I probably wouldn't take it as a compliment, but I wouldn't lose any sleep if the husband called me that. We're both nitpicky, detail oriented people in our own ways.


----------



## Holland (Aug 20, 2012)

Never heard the term before so no idea. More to the point though is do you know or not know when someone is being insulting or complimentary? It is in the tone, the context and the manner in which a comment is made. It is a very basic skill to understand the context of other peoples interaction with you.

Of course the exception is often with online communication as no tone of voice is heard, only your interpretation of the tone. Did he say this face to face?


----------



## waiwera (Sep 8, 2009)

Yes tone is everything...
I'd not heard the word either...possibly an north american word?

My hubby calls me 'Mrs Buttinski' when I get bossy and butt in and try to take over something but he says it with a laugh and a smile...

So I've never felt insulted.... it's funny usually.
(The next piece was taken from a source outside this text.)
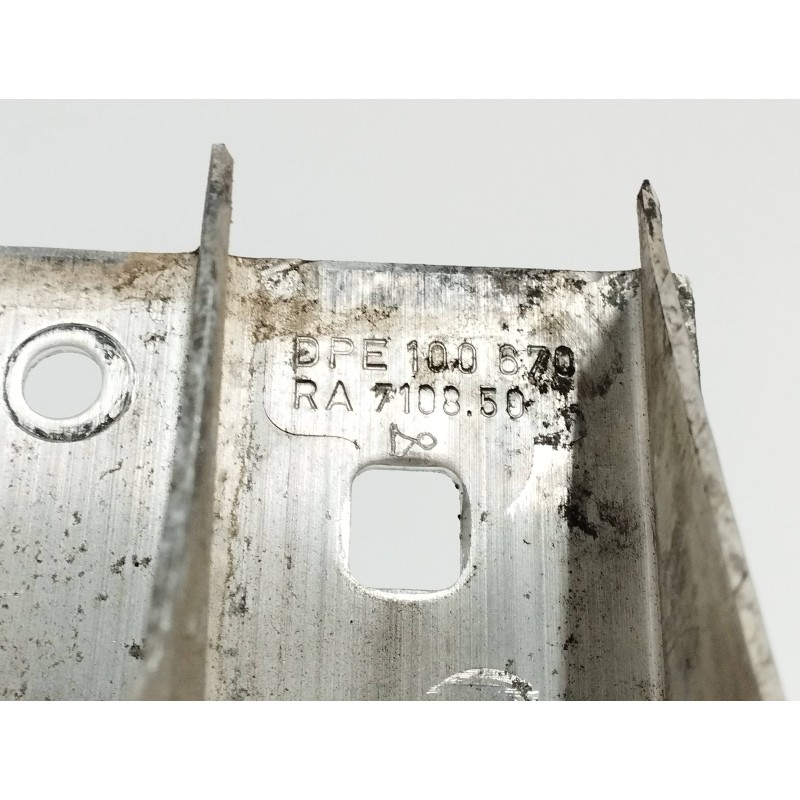 REFUERZO PARAGOLPES DELANTERO RA710850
How is this word used towards you... what is his tone?


----------



## Mavash. (Jan 26, 2012)

Asked my husband too and he said it's a criticism. Asked him if he thought I was and he said no. I'm pretty laid back.


----------



## larry.gray (Feb 21, 2011)

I think it is an insulting thing to be called.


----------



## Giro flee (Mar 12, 2013)

It means fussy and picky, so yes I would be a little insulted if he used a contemptuous tone. If he was just joking or exaggerating a bit it wouldn't bother me too much. Intention is everything.


----------



## bevixnz (Nov 22, 2013)

I would find it offensive. Seems critical to me.


----------



## bestyet2be (Jul 28, 2013)

SimplyAmorous said:


> I just asked my husband walking past, he said if he said it, it wouldn't be a compliment...he's never called me this ..though he has told me I am "particular" a # of times in the past...which is true, depending. In some things, he is far more particular over me...
> *Persnickety definition *=
> a. Overparticular about trivial details; fastidious.
> b. Snobbish; pretentious....


A highly persnickety person would never miss the chance to make the observation that anyone who resorts to quoting a dictionary definition to resolve a question is, of course, a persnickety person.

Someone who uses the word "particular" instead of "persnickety" is probably just a smart person.

If someone called me persnickety, I'd likely take it as a fairly gentle admonition not to be so particular. But I'd be sure to fastidiously consider the trivial details of the context of the conversation in which it was used, assuming I regarded the person using the word as worthy of that much of my attention.


----------



## heartsbeating (May 2, 2011)

CRexsWife said:


> Ladies, if your husband said you were persnickety, would you consider that a compliment or a criticism?


I'd have to google it first. 

Then take it as a criticism. 

Context is needed too - maybe there was persnickety behavior occurring?

Or maybe I'm now being persnickety about it? *brain explodes*


----------



## Jellybeans (Mar 8, 2011)

CRexsWife said:


> Ladies, if your husband said you were persnickety, would you consider that a compliment or a criticism?


It depends what he's describing.

But I am very persnickety.


----------



## Thunder7 (Jan 2, 2013)

I think I'd ask what century it was. LOL


----------



## chillymorn (Aug 11, 2010)

Anon Pink said:


> It is neither.
> 
> I would consider the source.
> 
> ...


sounds like you weren't overly persnickety about picking your man tell him that next time he calls you persnickety.


----------